■ Data extracted from a collection ■
________

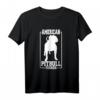 American Pitbull Terrier T-Shirt – Geschenkidee für Hundehalter, Pitbull Fans und Hundeliebhaber zu Geburtstag, Weihnachten & Anlässen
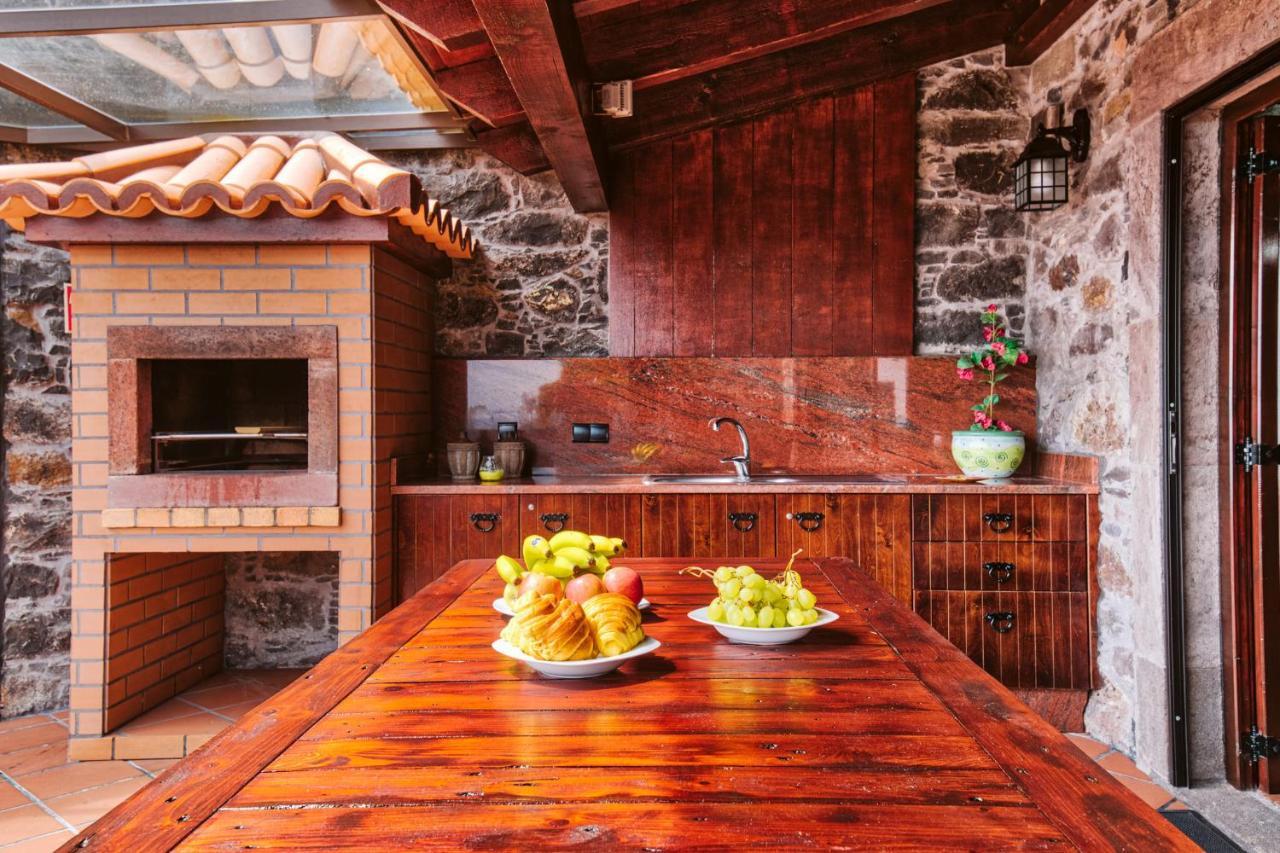 Seixal Sunny Villa A & B By Amazing Madeira Екстер'єр фото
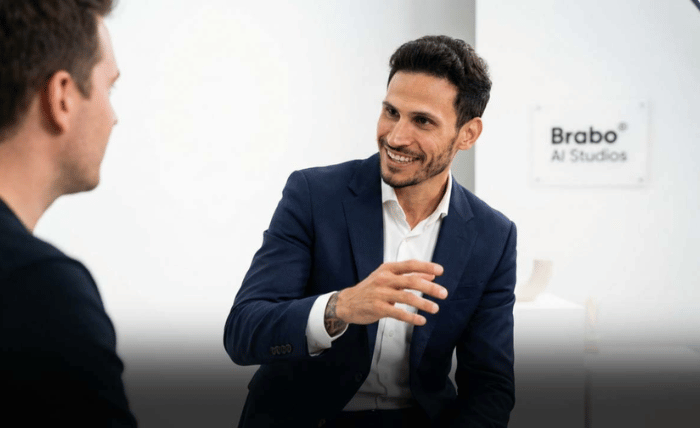 Comercial com IA Brabo Academy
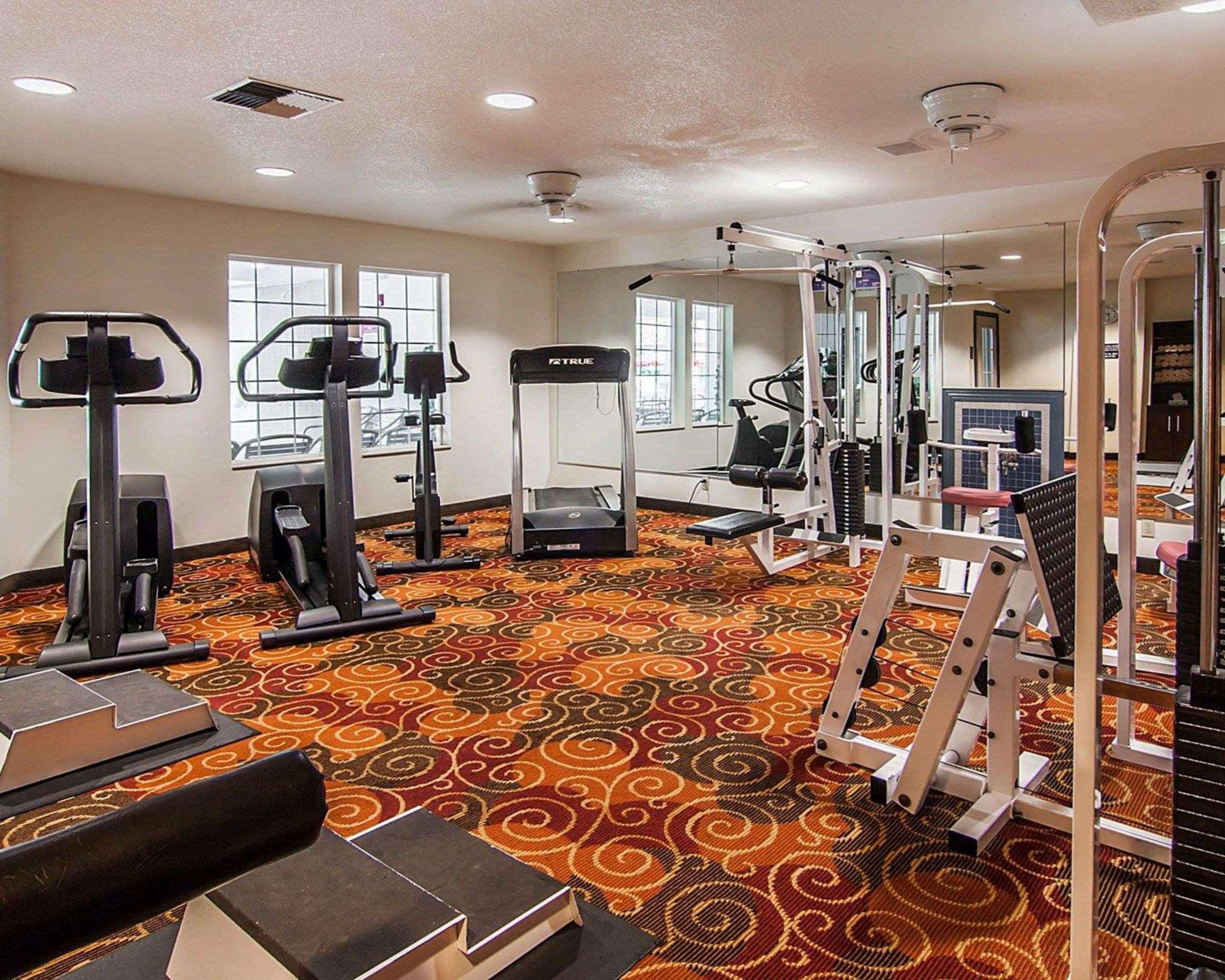 Comfort Suites Corvallis Εξωτερικό φωτογραφία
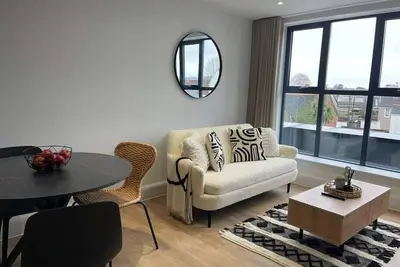 Image de Trendy Apartment in Cardiff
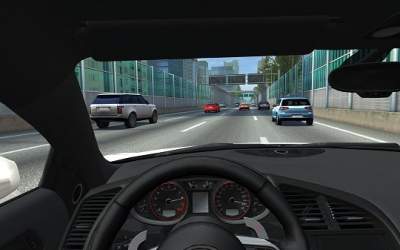 Overtake : Traffic Racing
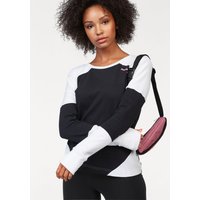 KangaROOS Sweatshirt, im modischen Color-Blocking von Kangaroos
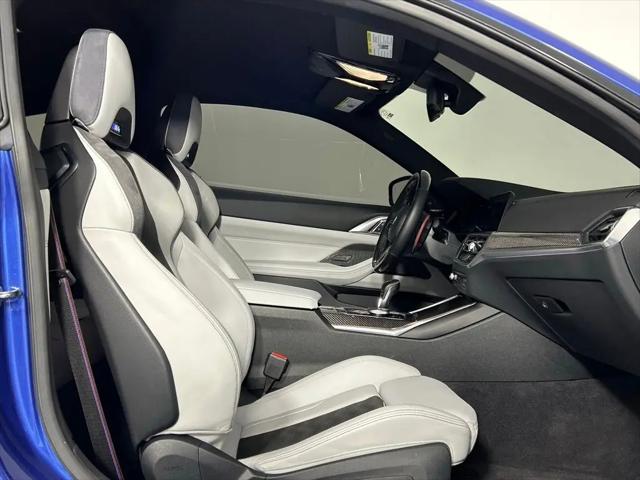 2021 BMW M4 Competition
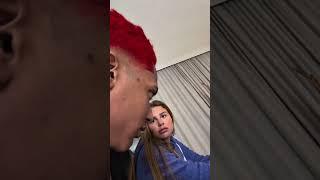 Oruam e Sua Namorada ️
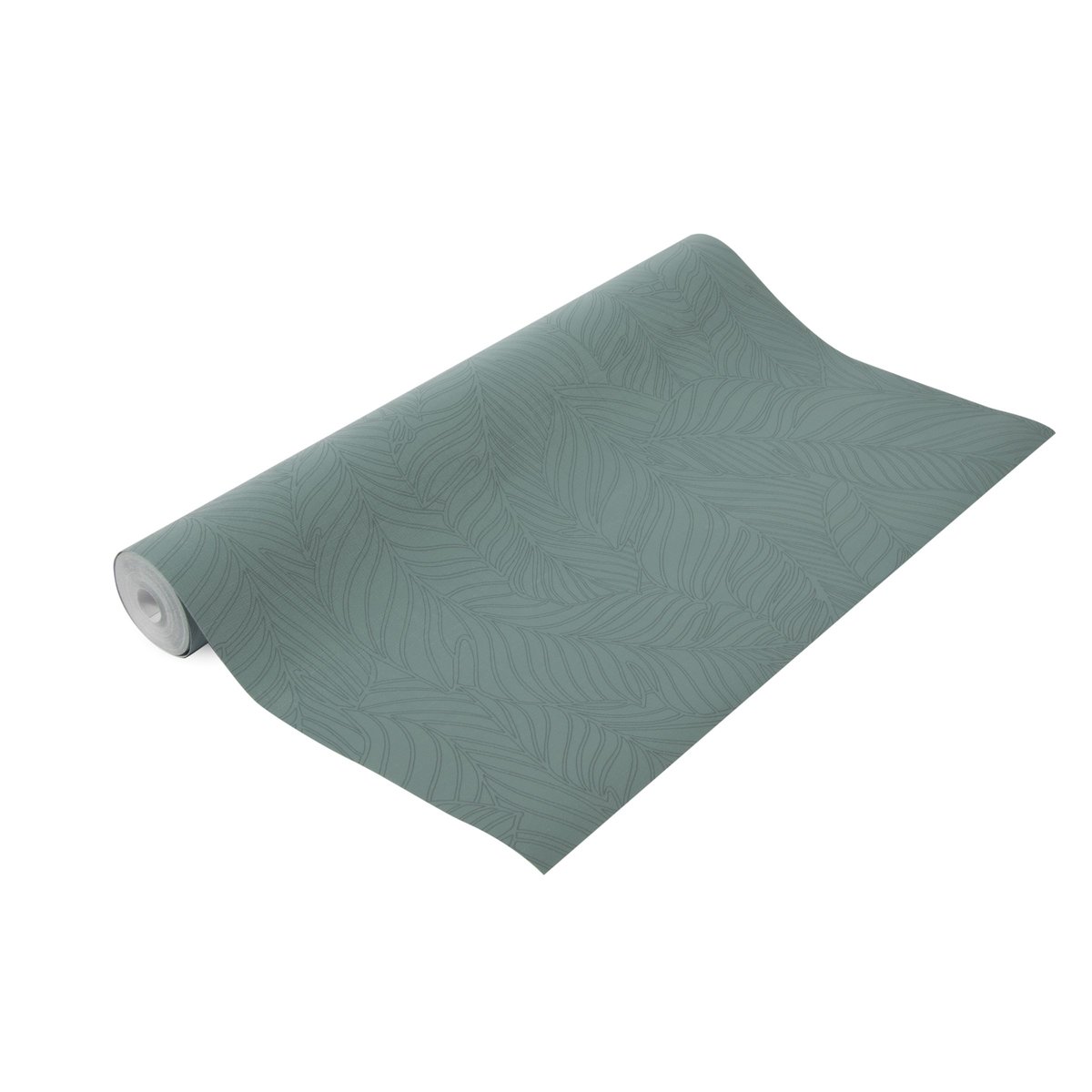 Papier peint Grandes Feuilles Botaniques vert, SUPERFRESCO EASY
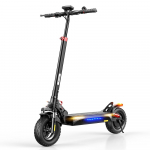 iscooter iX3 Electric Scooter 48V10Ah Battery, Dual 800W Motor ,10&rdquo; Tire Adult Escooter, Max Speed30-40km Range Black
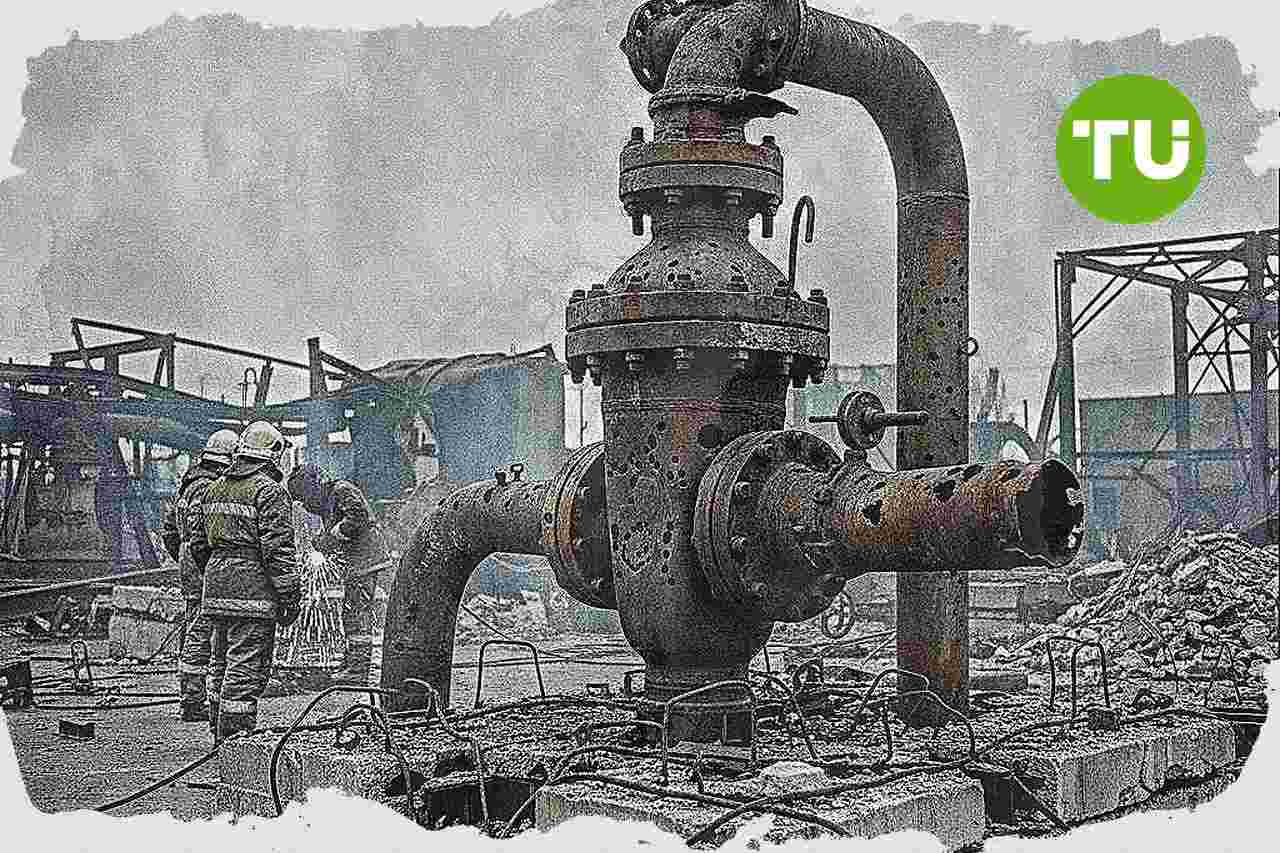 «Нафтогаз» фіксує рекордну інтенсивність атак РФ на інфраструктуру, зростають ризики для видобутку та постачання газу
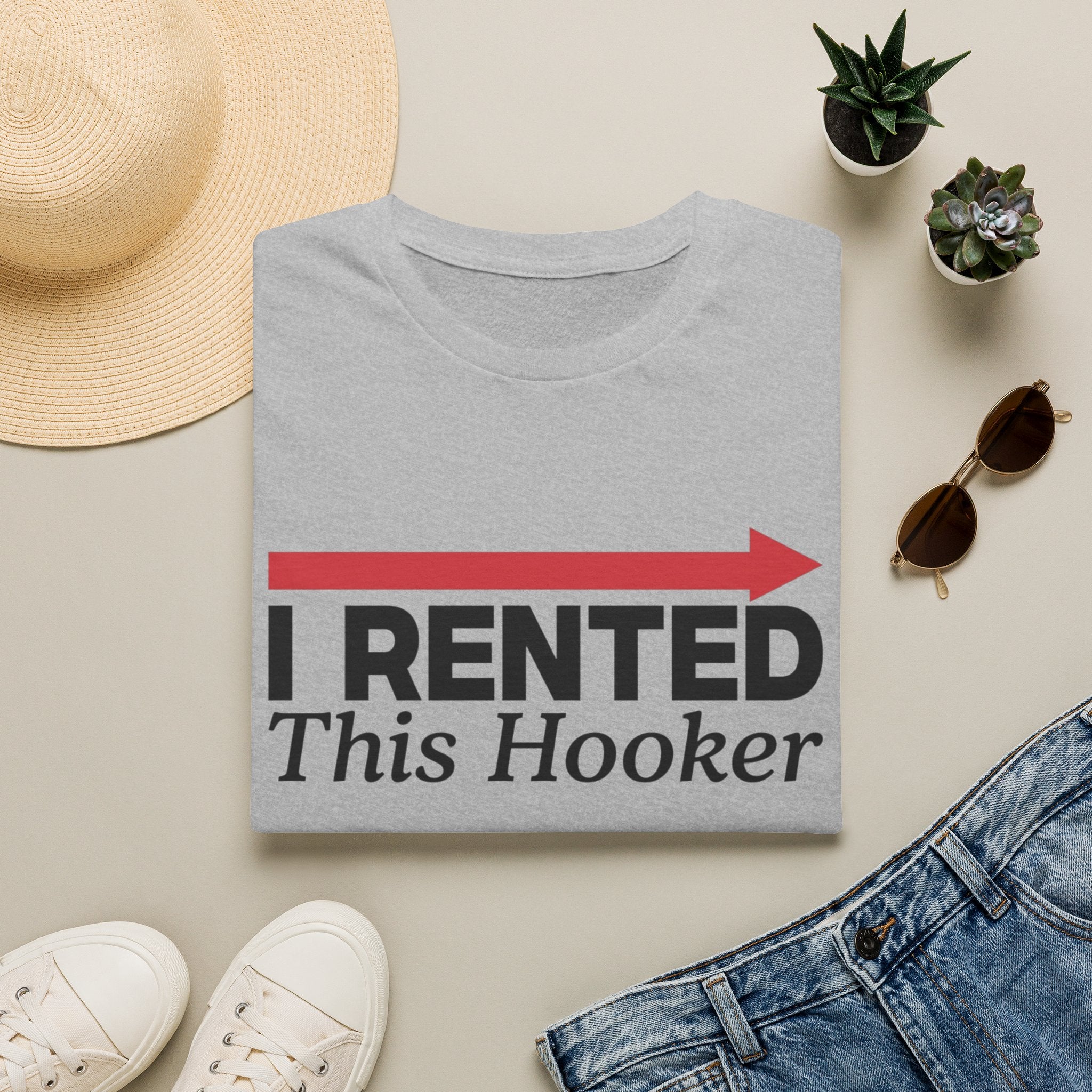 Rented Hooker T-Shirt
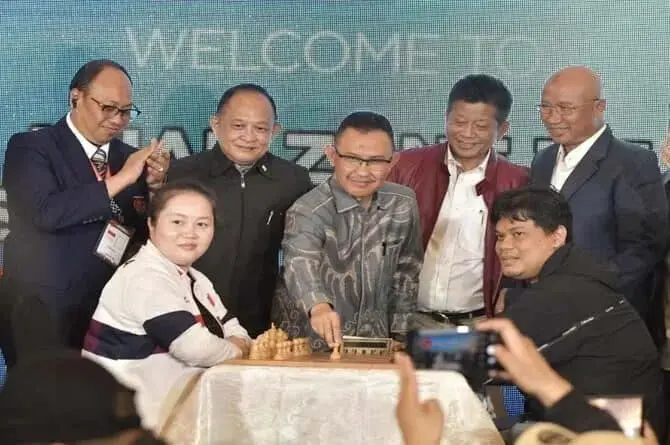 Kemenpora Harapkan Indonesia Loloskan Wakilnya ke Piala Dunia Catur 2023 Kemenpora Harapkan Indonesia Loloskan Wakilnya ke Piala Dunia Catur 2023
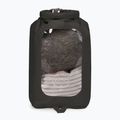 Osprey DrySack w/Window vízhatlan táska 6 l fekete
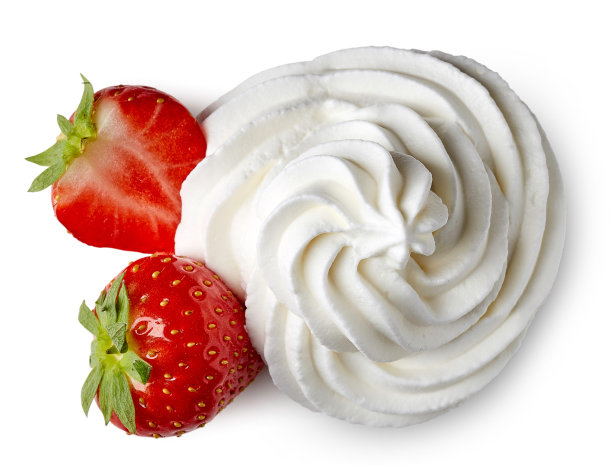 creamy
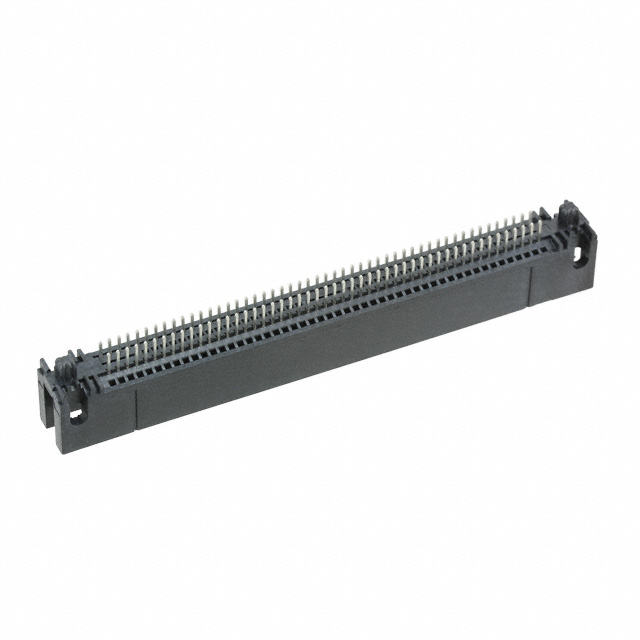 CONN HEADER VERT 100POS 1.27MM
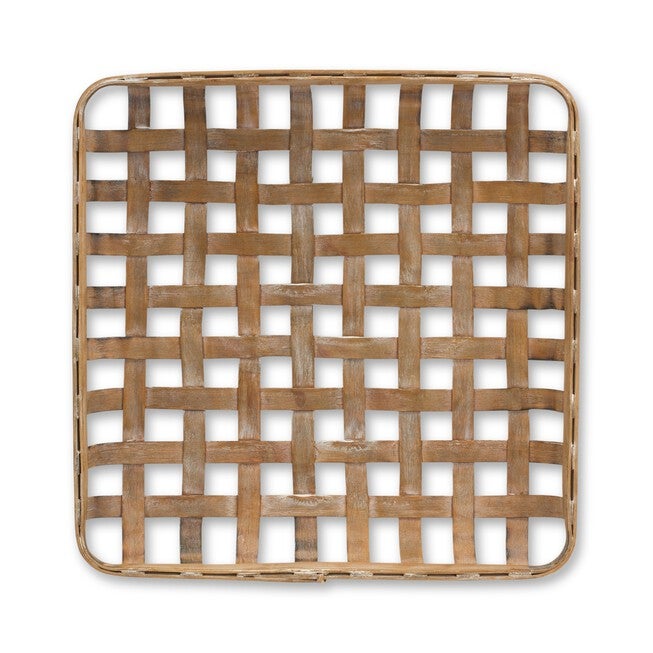 Tray (Set of 2) 13.5 inchesL x 2.25 inchesH, 17 inchesL x 3.25 inchesH Bamboo, BROWN, alternate image number null
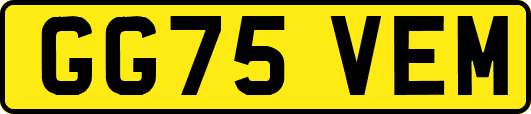 GG75VEM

________

■ What to work on ■
Output the data exactly, pictures omitted.

■ Result for this exercise ■
 American Pitbull Terrier T-Shirt – Geschenkidee für Hundehalter, Pitbull Fans und Hundeliebhaber zu Geburtstag, Weihnachten & Anlässen
 Seixal Sunny Villa A & B By Amazing Madeira Екстер'єр фото
 Comercial com IA Brabo Academy
 Comfort Suites Corvallis Εξωτερικό φωτογραφία
 Image de Trendy Apartment in Cardiff
 Overtake : Traffic Racing
 KangaROOS Sweatshirt, im modischen Color-Blocking von Kangaroos
 2021 BMW M4 Competition
 Oruam e Sua Namorada ️
 Papier peint Grandes Feuilles Botaniques vert, SUPERFRESCO EASY
 iscooter iX3 Electric Scooter 48V10Ah Battery, Dual 800W Motor ,10&rdquo; Tire Adult Escooter, Max Speed30-40km Range Black
 «Нафтогаз» фіксує рекордну інтенсивність атак РФ на інфраструктуру, зростають ризики для видобутку та постачання газу
 Rented Hooker T-Shirt
 Kemenpora Harapkan Indonesia Loloskan Wakilnya ke Piala Dunia Catur 2023 Kemenpora Harapkan Indonesia Loloskan Wakilnya ke Piala Dunia Catur 2023
 Osprey DrySack w/Window vízhatlan táska 6 l fekete
 creamy
 CONN HEADER VERT 100POS 1.27MM
 Tray (Set of 2) 13.5 inchesL x 2.25 inchesH, 17 inchesL x 3.25 inchesH Bamboo, BROWN, alternate image number null
 GG75VEM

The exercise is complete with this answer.